==== Recorded information
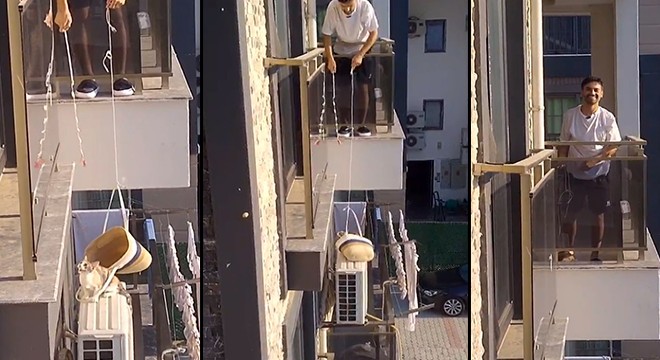 Klima ünitesinde mahsur kalan kediyi plaj çantasıyla kurtardı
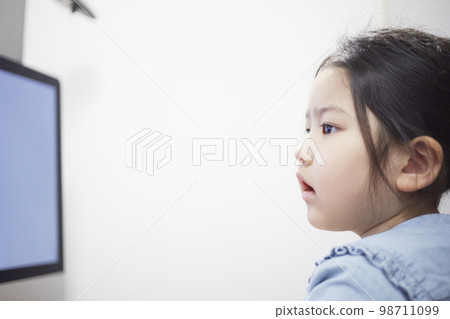 Child girl watching video distribution on computer monitor Child girl watching video distribution on computer monitor 98711099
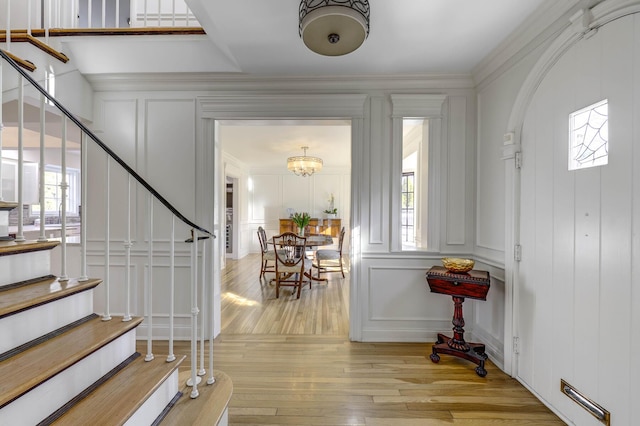 foyer entrance with light wood-type flooring, an inviting chandelier, crown molding, a decorative wall, and stairs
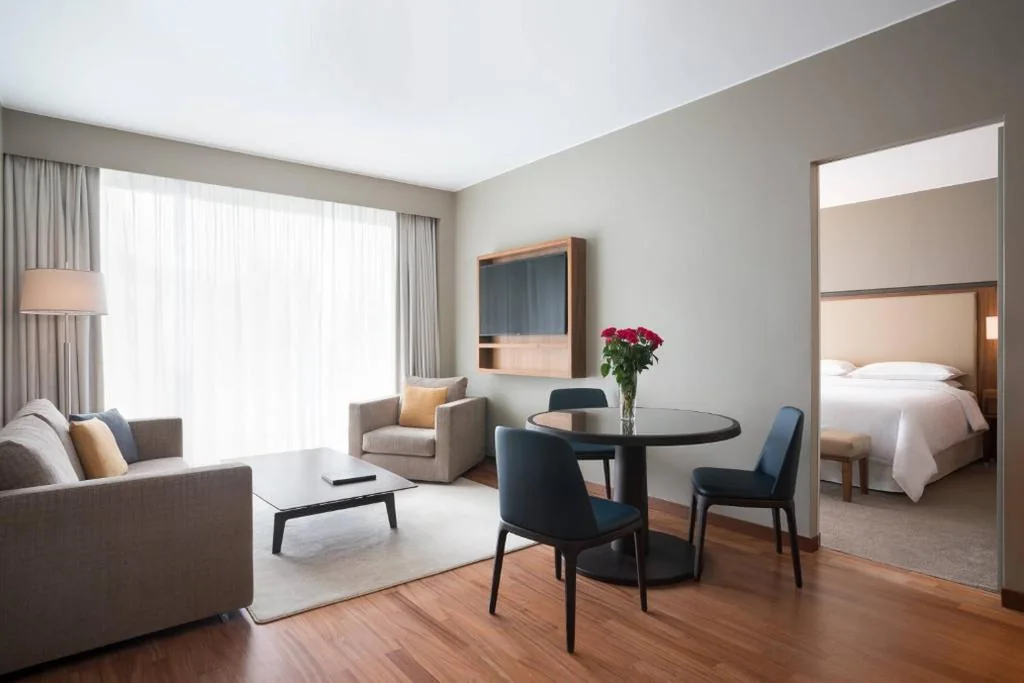 One-Bedroom King Suite with Sofa Bed and Balcony — Sheraton Lake Como Hotel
========
§ What is needed: Render the data above verbatim and without pictures.

§ Answer section:
 Klima ünitesinde mahsur kalan kediyi plaj çantasıyla kurtardı
 Child girl watching video distribution on computer monitor Child girl watching video distribution on computer monitor 98711099
 foyer entrance with light wood-type flooring, an inviting chandelier, crown molding, a decorative wall, and stairs
 One-Bedroom King Suite with Sofa Bed and Balcony — Sheraton Lake Como Hotel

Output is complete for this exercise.